### [WORK ORDER]
Write the entries below out again exactly; any picture in them stays out.

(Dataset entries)
BEGIN
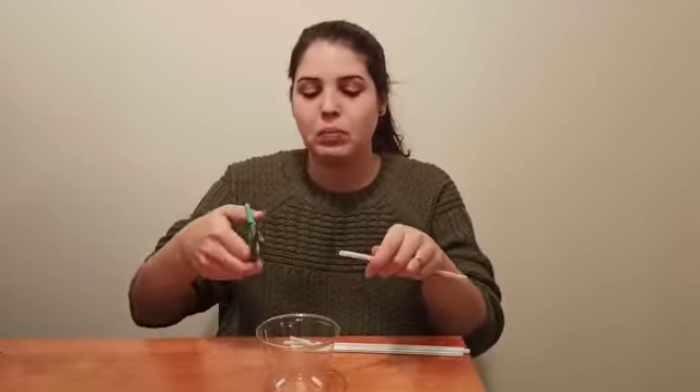So the first step is to cut our straw into little pieces. We will use them and you can save them in your cup.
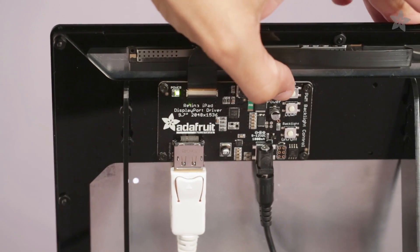The backlight, power switch, and option buttons are easily accessible on the right side of the driver board.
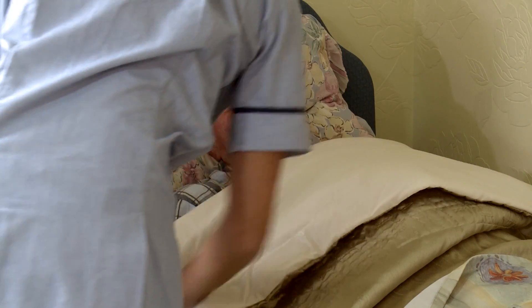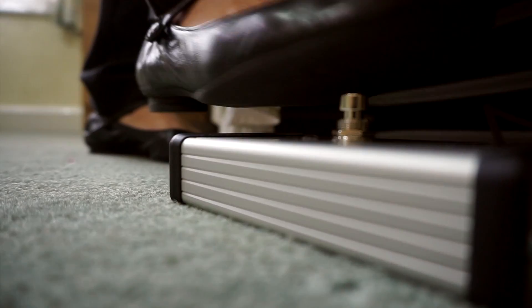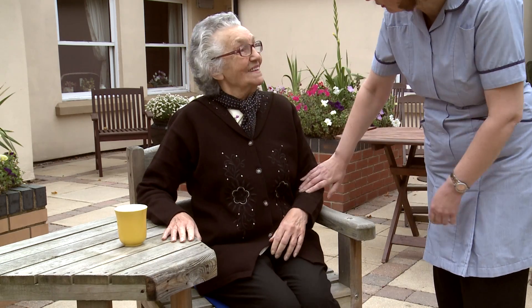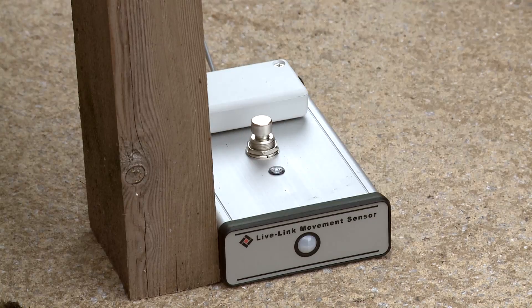The batteries will last you for two years on the basis of ten activations a day. It's multi-purpose use — you can have it as a movement sensor at night. During the day you can link in a chair pad, so if a resident gets out of a chair it'll tell the staff that somebody's up and about.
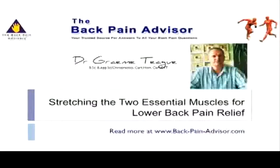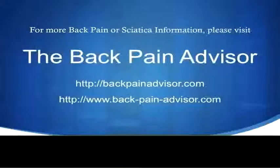But if you would like more information on any technique for back pain, feel free to go to one of our websites listed in this video.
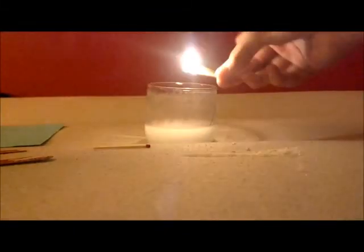The flame is getting closer to my hand — and it puts it out! Okay, so we confirm that.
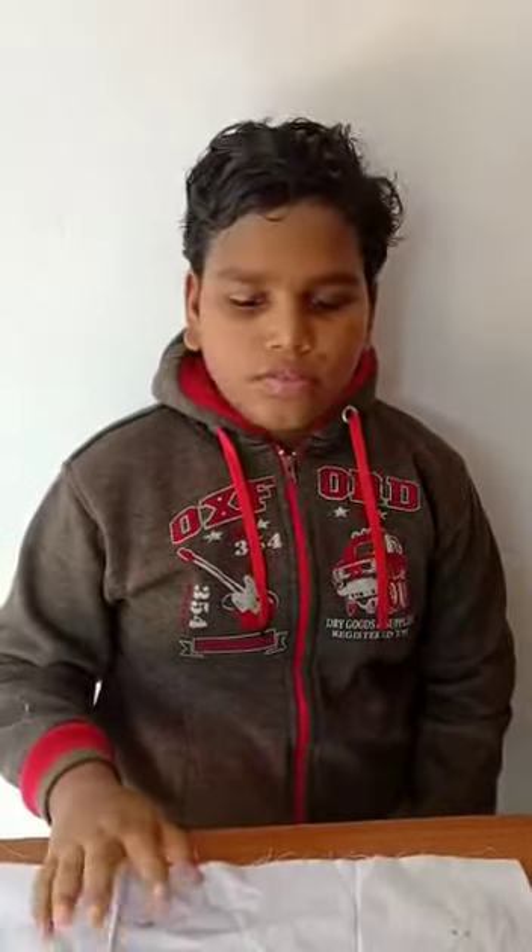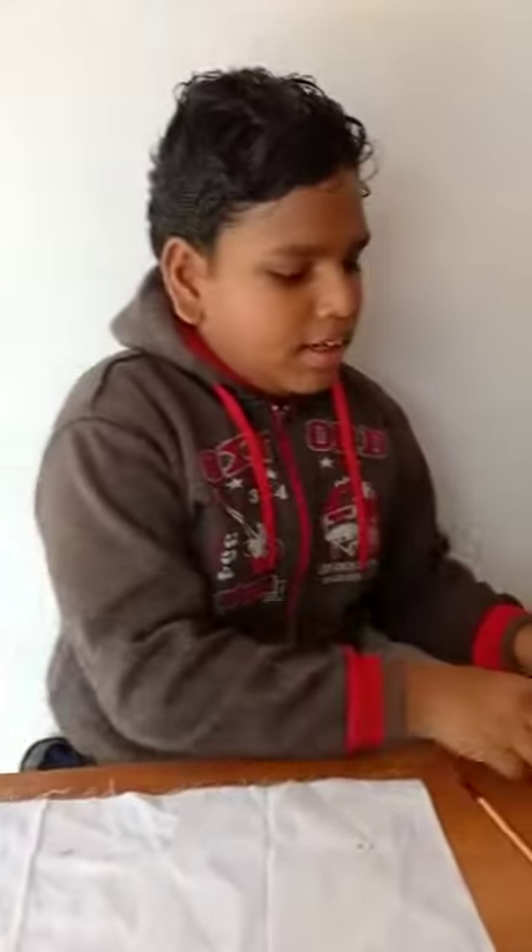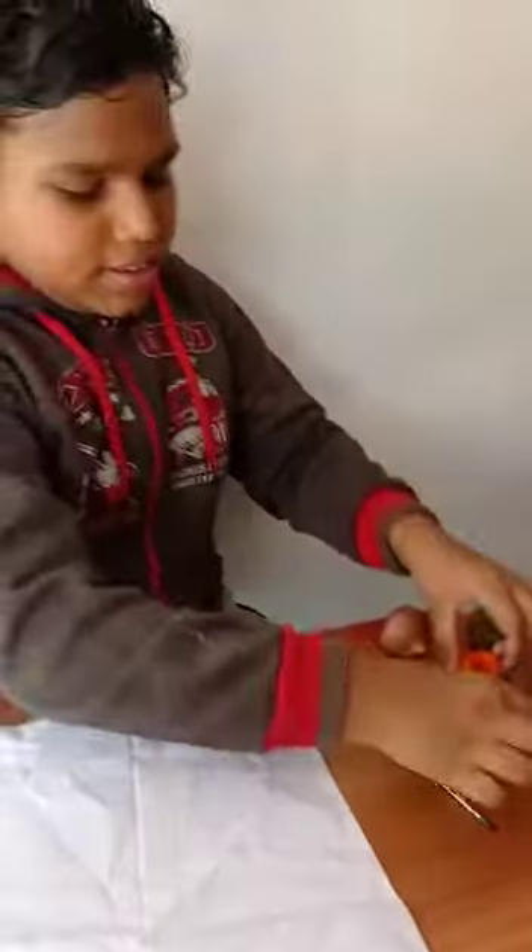My name is Abhishek. I am studying 7th standard at GWOP school. Now I would like to show vegetable printing. Please watch how it is. First, take cloth and vegetable and paint and brush.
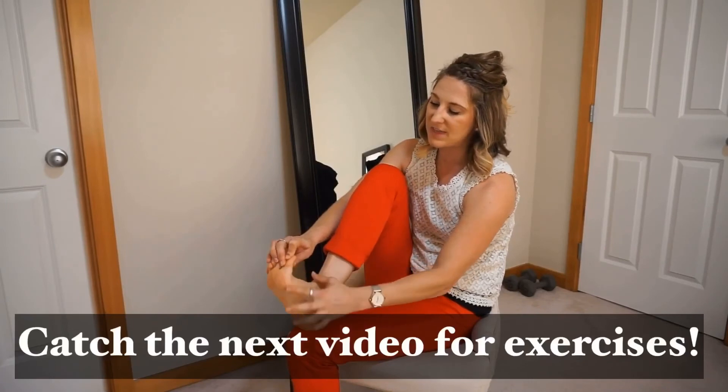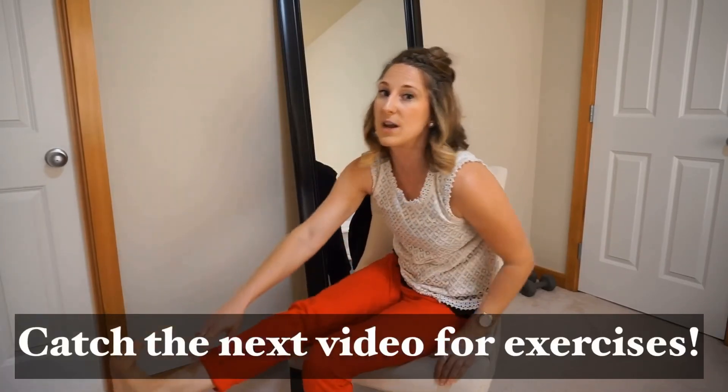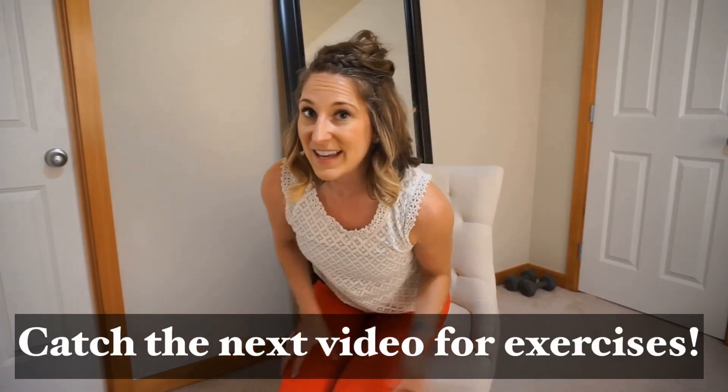What you want to do is make sure that this toe is getting stretched out. One really good exercise for that is...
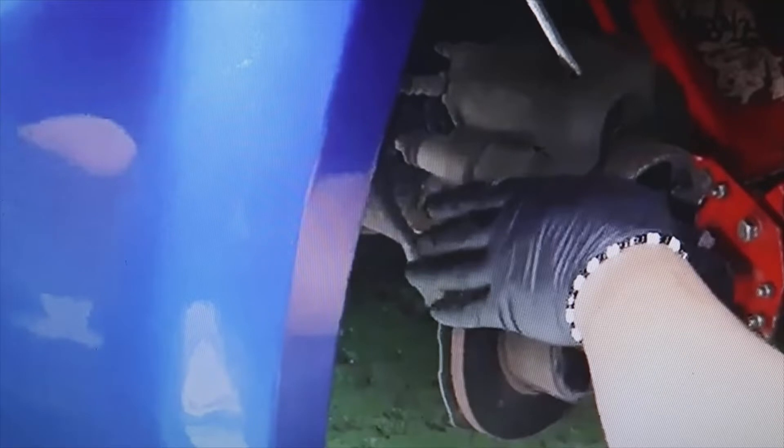No, the brakes only need to be bled if we have to release the brake hose, because then the brake fluid would come out and air would enter — then yes, it would be necessary to bleed. But simply to change the brake pads, no. Look how we change them here.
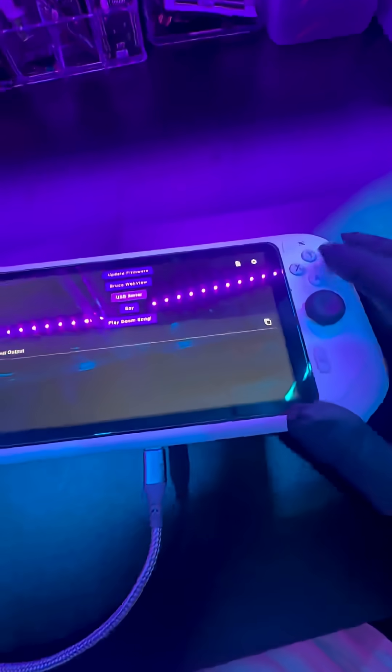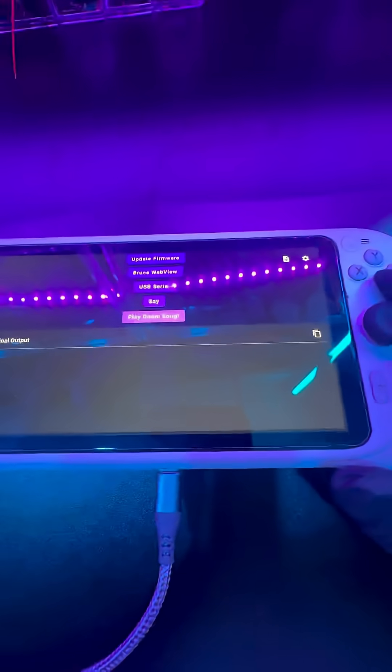Click on serial because I'm connected to serial, and let's go ahead and play the Doom song. And then we have another option here.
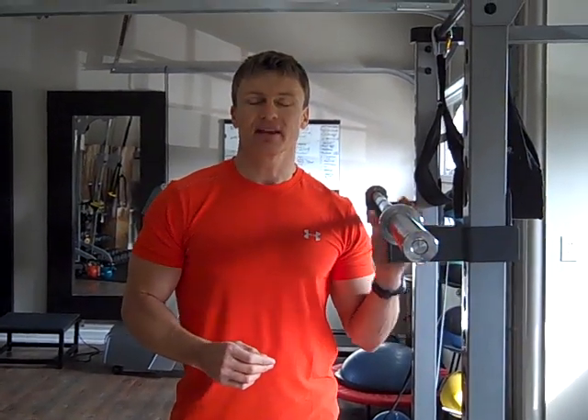Hey, it's Bruce from eBody.com. Today, I've got a great subject topic for you: how to get a bigger butt.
END
### [WORKED SOLUTION]
So the first step is to cut our straw into little pieces. We will use them and you can save them in your cup.
The backlight, power switch, and option buttons are easily accessible on the right side of the driver board.
The batteries will last you for two years on the basis of ten activations a day. It's multi-purpose use — you can have it as a movement sensor at night. During the day you can link in a chair pad, so if a resident gets out of a chair it'll tell the staff that somebody's up and about.
But if you would like more information on any technique for back pain, feel free to go to one of our websites listed in this video.
The flame is getting closer to my hand — and it puts it out! Okay, so we confirm that.
My name is Abhishek. I am studying 7th standard at GWOP school. Now I would like to show vegetable printing. Please watch how it is. First, take cloth and vegetable and paint and brush.
What you want to do is make sure that this toe is getting stretched out. One really good exercise for that is...
No, the brakes only need to be bled if we have to release the brake hose, because then the brake fluid would come out and air would enter — then yes, it would be necessary to bleed. But simply to change the brake pads, no. Look how we change them here.
Click on serial because I'm connected to serial, and let's go ahead and play the Doom song. And then we have another option here.
Hey, it's Bruce from eBody.com. Today, I've got a great subject topic for you: how to get a bigger butt.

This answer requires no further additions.